DOROTHY A. KOHL, PLAINTIFF,
v.
HOUSING AUTHORITY OF THE CITY OF BLOOMINGTON, ILLINOIS, ET AL., DEFENDANTS.



The opinion of the court was delivered by: J. Waldo Ackerman, District Judge.

ORDER

This case arises from a rental dispute between the plaintiff and the Bloomington Housing Authority (hereinafter referred to as BHA). It raises the question of the propriety of the BHA's establishing certain eligibility requirements before issuing a Certificate of Family Participation to applicants seeking housing under Section 201(a)(8) of the United States Housing and Development Act of 1974, 42 U.S.C. § 1437f (hereinafter referred to as "Section 8"). Three United States District Courts and the United States Courts of Appeal for the Third and Sixth Circuits have considered precisely this same issue, with differing results. It appears to be a matter of first impression in this Circuit.

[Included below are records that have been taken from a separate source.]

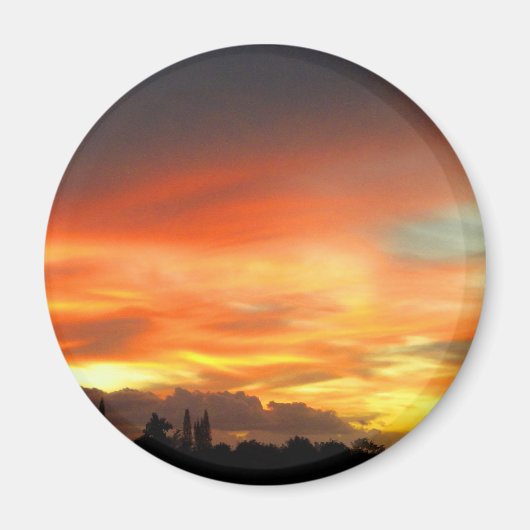 Sunset Magneet (Voorkant)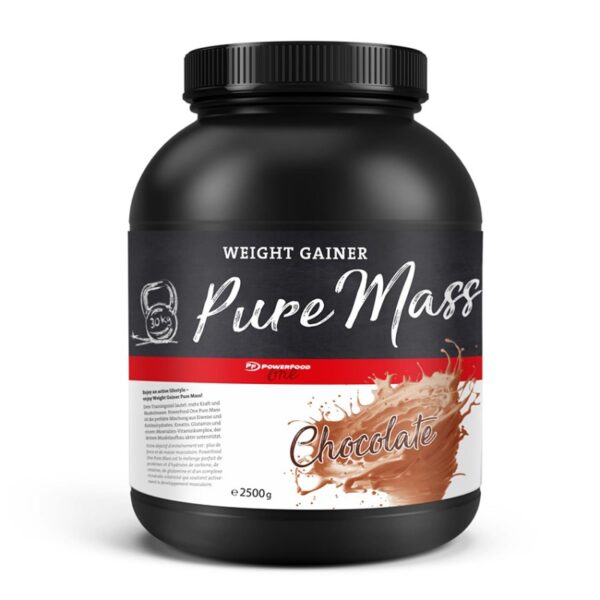 Mass Builder 2500g Powerfood One 44517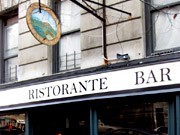  Brunch at Pisticci, 125 La Salle St. (off B'way)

The Section 8 Existing Housing Program is a program of federal rent subsidies for low income persons which is administered by local public housing authorities (hereinafter referred to as PHA). This legislation was enacted for the dual purpose of "aiding lower-income families in obtaining a decent place to live and of promoting economically mixed housing. . . ." 42 U.S.C. § 1437f(a). Pursuant to this legislation, the PHA enters into an annual contributions contract (hereinafter referred to as ACC) with the Department of Housing and Urban Development (hereinafter referred to as HUD). 42 U.S.C. § 1437f(b)(1). The ACC gives the authority to the PHA to enter into housing assistance payments contracts with owners of existing dwelling units. Id. These contracts establish a maximum monthly rental for the unit, not to exceed the fair market rental for such a unit by more than 10 per cent. 42 U.S.C. § 1437f(c)(1). Depending primarily upon family size and income, the monthly assistance payment is the difference between the maximum monthly rental and fifteen to thirty per cent of the family income. 42 U.S.C. § 1437f(c)(3). In other words, if a family qualifies for Section 8 housing assistance, a maximum of thirty per cent of its income will be used to pay rent. The rest is paid to the landlord by the PHA with federal funds.

Plaintiff Dorothy Kohl applied for a Certificate of Participation in the Section 8 program administered by the BHA. Her application was rejected because she allegedly owed rent on a conventional public housing unit. This debt arose from plaintiff's failure to give thirty days' written notice of termination of her lease to the BHA.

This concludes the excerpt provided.